Si las intrigas de salones, y toda una cautivadora mitología sobrenatural, no convencen, nos queda el ángulo histórico. Jonathan Strange, el joven entusiasta, y Gilbert Norrell, el viejo avaro de su sabiduría, prestarán su ayuda mágica a la Corona contra los avances europeos de Bonaparte, y trabarán relaciones con la flor y nata de la época. El Duque de Wellington se referirá a Strange como “Merlín”, y las aventuras militares de los dos hechiceros incluirán mantener las naves francesas en sus puertos, sitiados por falsos buques británicos hechos de lluvia, resucitar a diecisiete soldados napolitanos muertos para interrogarlos sobre la ruta del resto de sus tropas, crear carreteras nuevas más transitables para la marcha de los ejércitos, o, incluso, a defecto de esto, mover las ciudades u otras referencias geográficas de sitio, lo cual llegará a motivar una carta enfurecida del rey español Fernando VII exigiendo que Strange vuelva y deje el país tal como estaba antes de la Guerra de la Independencia.

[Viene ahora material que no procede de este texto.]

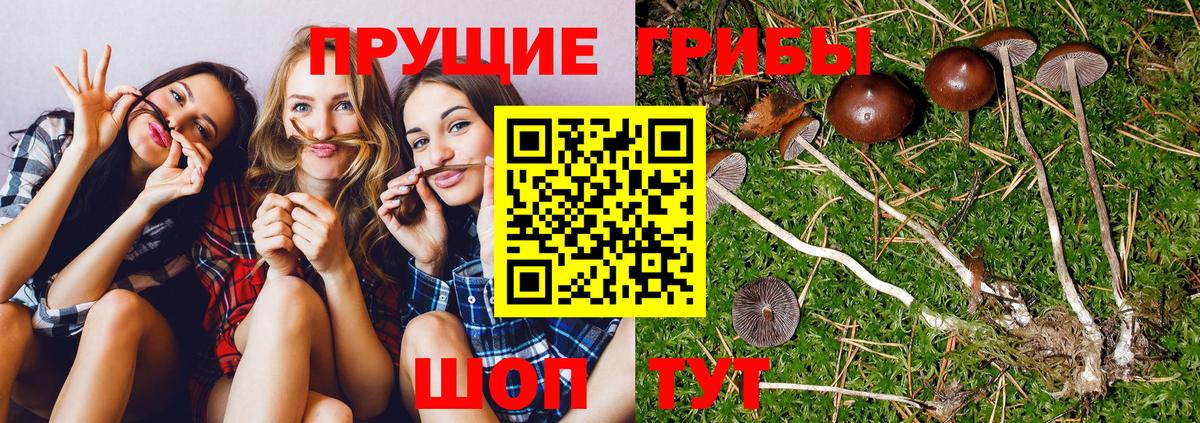 Галлюциногенные грибы Cubensis Каменск-Уральский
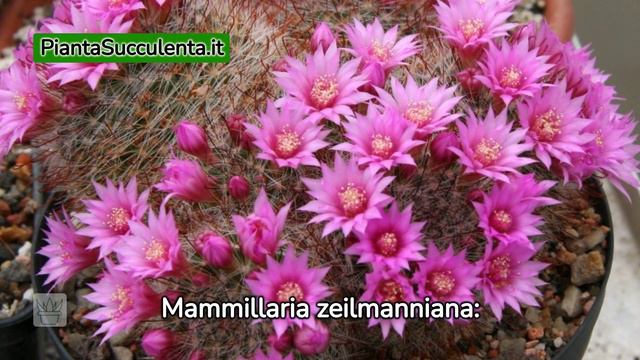 13 Piante grasse bellissime da esterno, che restano verdi per tutto l'anno. смотреть онлайн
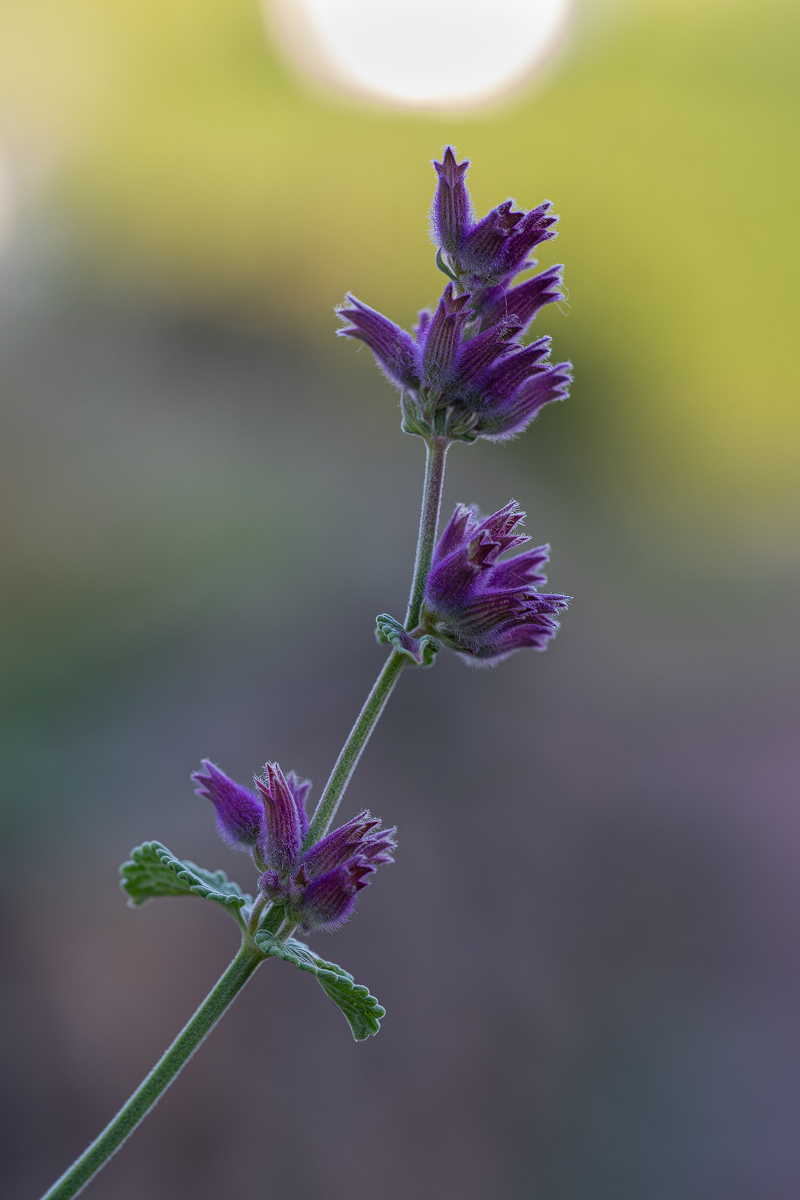 Echte Katzenminze-P9060274-1 - verkl.jpg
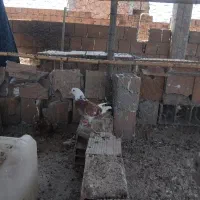 دو عدد کبوتر شازده ماده پرشی شازده سیاه انگشت زده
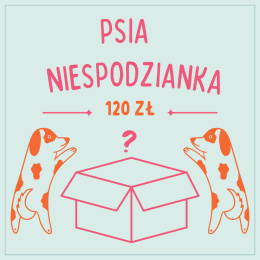 mystery box dla psa - psia niespodzianka pieskobox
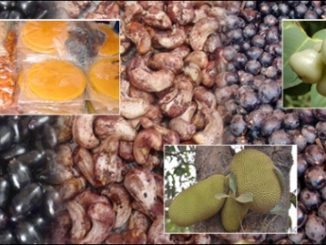 P-6184-kokancha-meva-intro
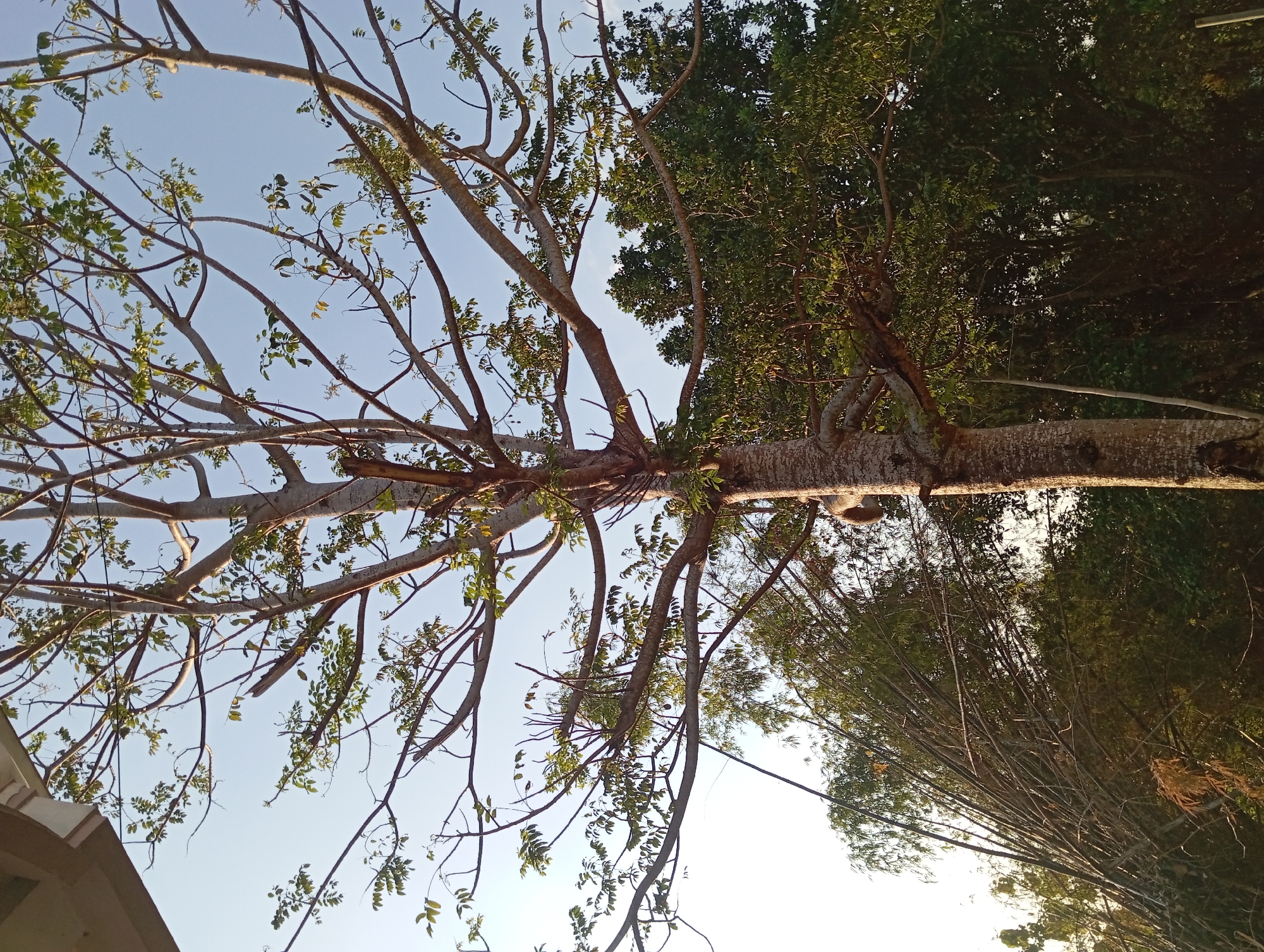 A tall tree with a textured, gray-brown trunk stands prominently in the foreground, reaching towards a clear blue sky. Its branches, laden with sparse green leaves, spread outwards in a complex network. The sunlight illuminates the leaves and branches from the right. In the background, dense green foliage of other trees and a patch of bamboo can be seen. The image appears to be taken outdoors, with the base of a light-colored structure visible in the upper left corner. The scene is devoid of any people or discernible human activity, suggesting a natural or park-like environment. The overall impression is one of a quiet, outdoor setting, possibly a garden or a wooded area within the city of Padurungan, Indonesia, given the provided context.
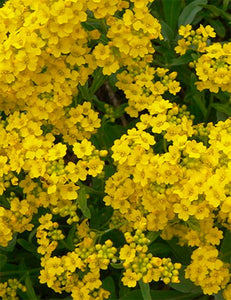 100+ Alyssum basket of gold Flower seeds-Beautiful  Gold Tuft- Deer resistant Aurinia Saxatiles ornamental Flower.--B168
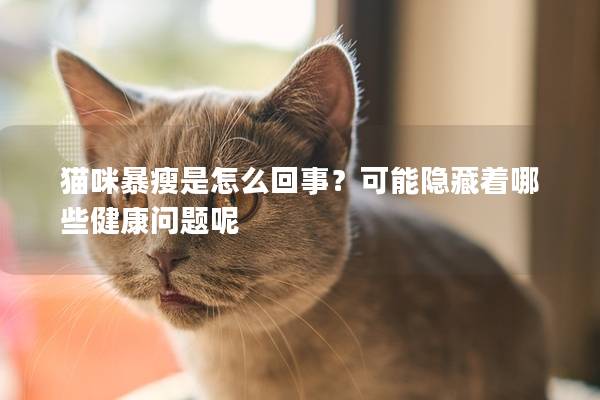 貓咪暴瘦是怎么回事？可能隱藏著哪些健康問題呢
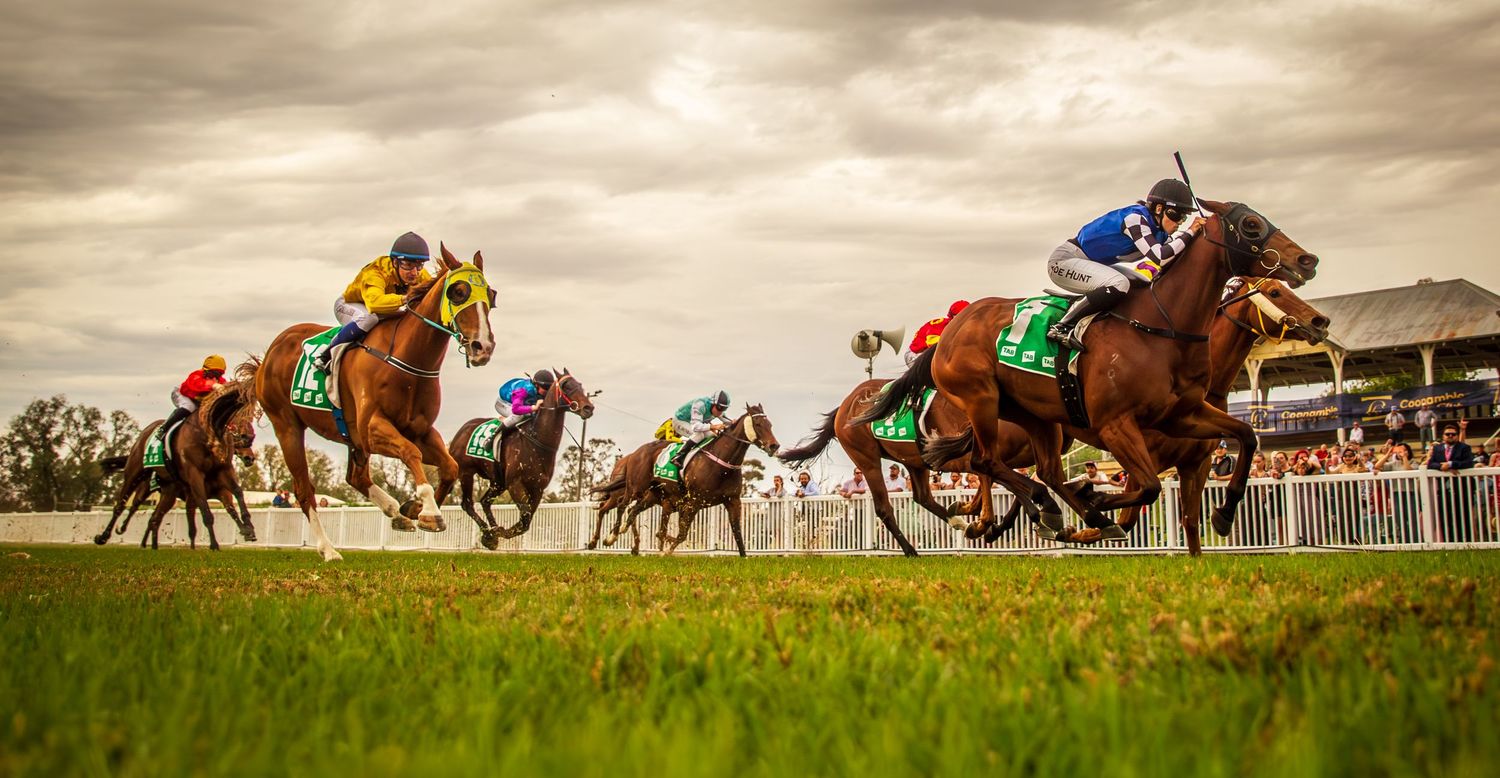 Horse racing sequence showing thoroughbreds racing down a grass track under dramatic cloudy skies at sunset.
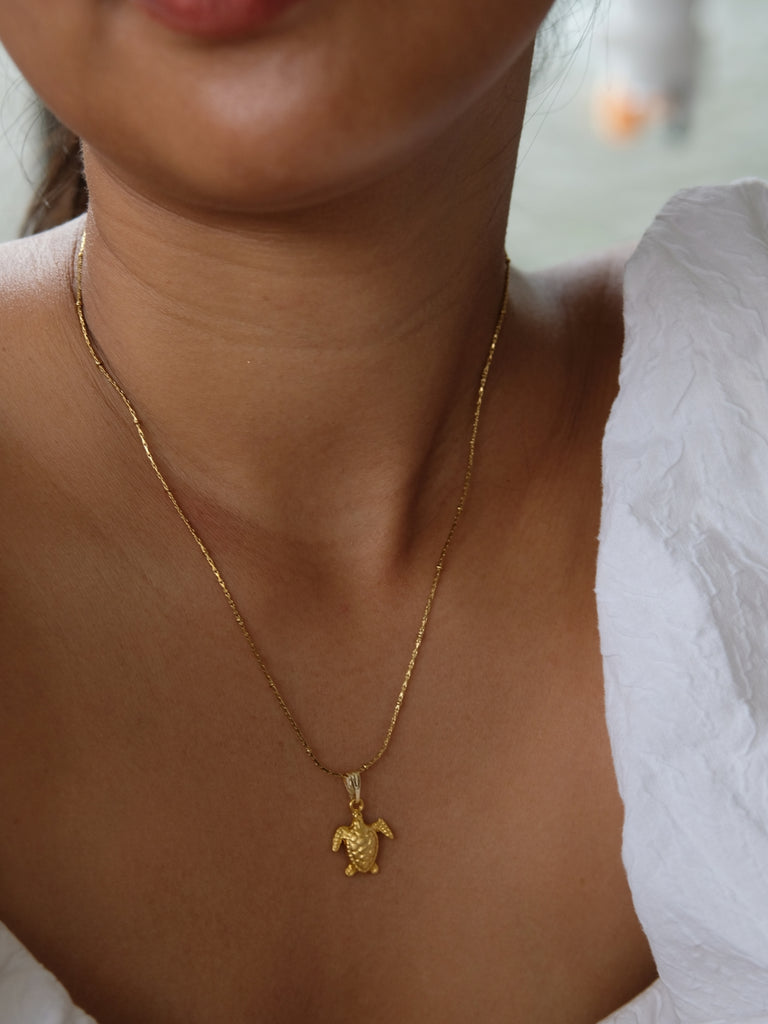 Charms Bar - Turtle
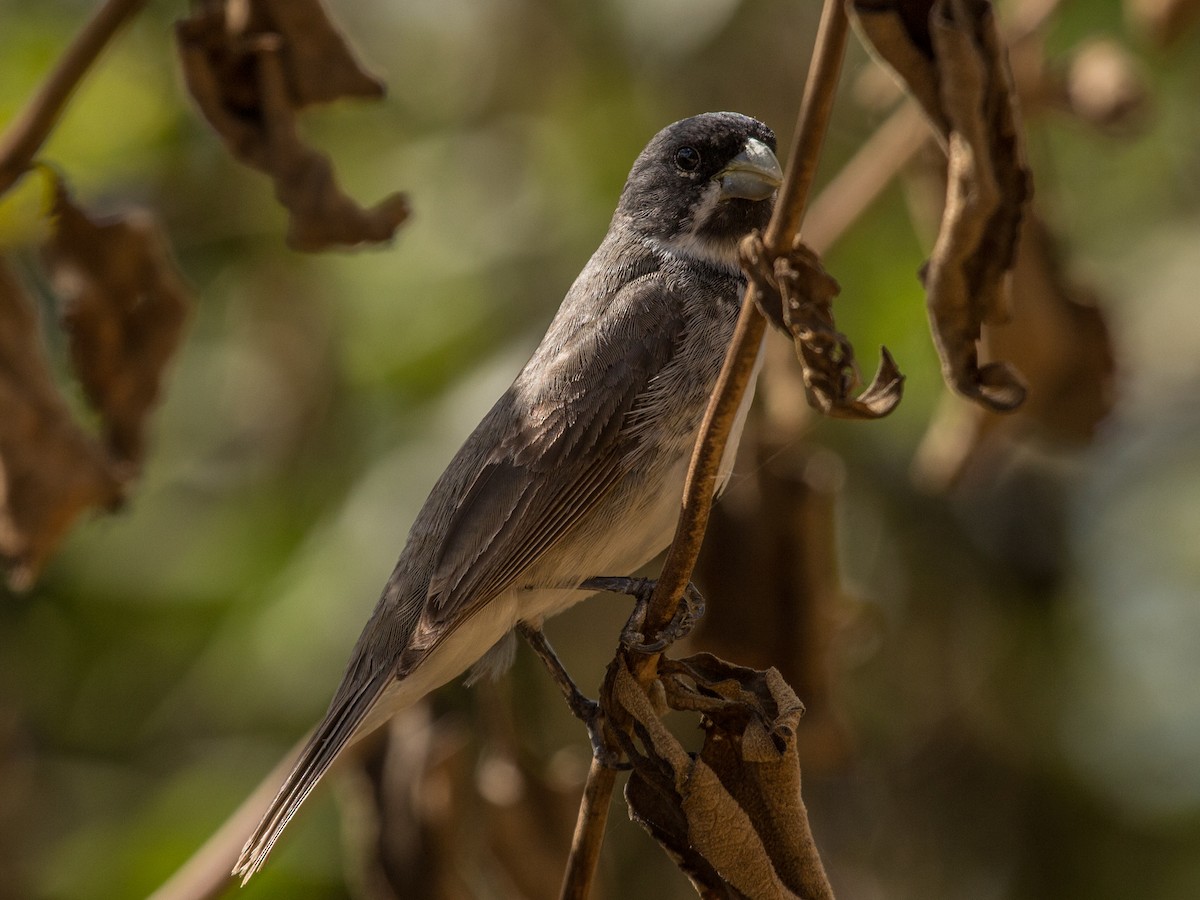 Double-collared Seedeater - ML85821451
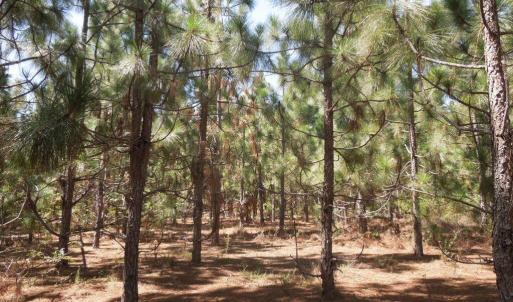 Photo #3 of Tbd Hwy 24 And Marks Rd, Cameron, NC 12.8 acres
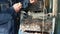 a farmer sorts walnuts in a box. storage and harvesting of nuts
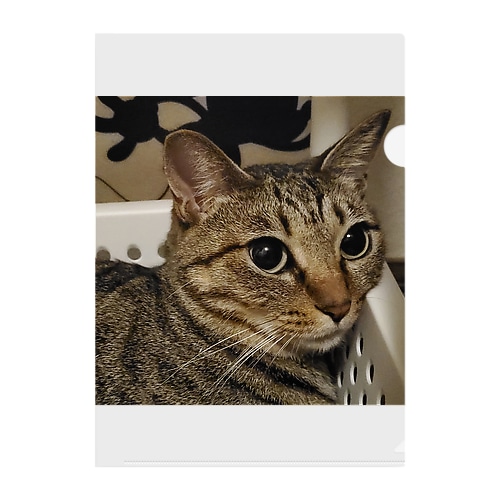 あざ猫さん Clear File Folder
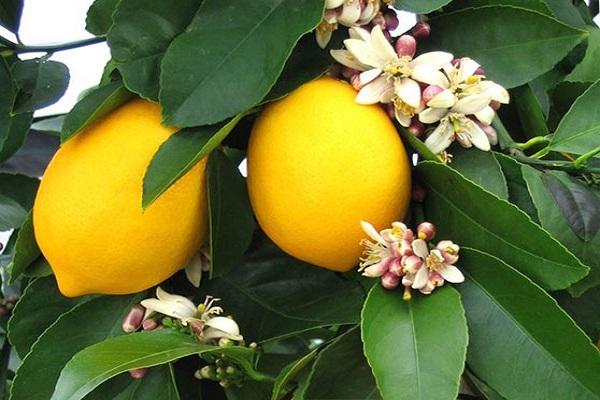 citrusová plodina 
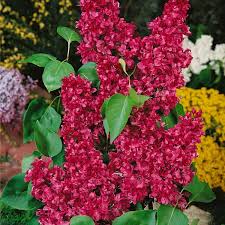 Image result for flieder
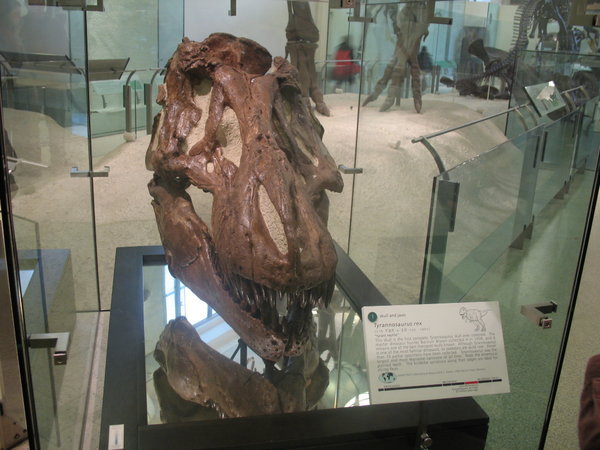 T-Rex skull at natural history museum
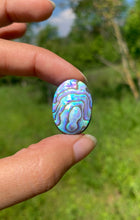 Charger l'image dans la galerie, Abalone 69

Aparte de la historia política y militar, llegaremos a conocer en Venecia a lord Byron, que trabará relación con Strange durante un oscuro período de su existencia e incluso se inspirará un tanto en él para su “Manfred”. No olvidemos que Jane Austen, gran inspiradora de Clarke para su ambientación de realismo hogareño decimonónico, fue contemporánea estricta del Romanticismo exaltado de los Byron, Shelley y compañía; el grado en que ambas concepciones, a priori opuestas, son capaces de funcionar bien juntas, es sólo una de las múltiples felicidades de un libro espléndido que nos ha llegado a las manos como un regalo del cielo.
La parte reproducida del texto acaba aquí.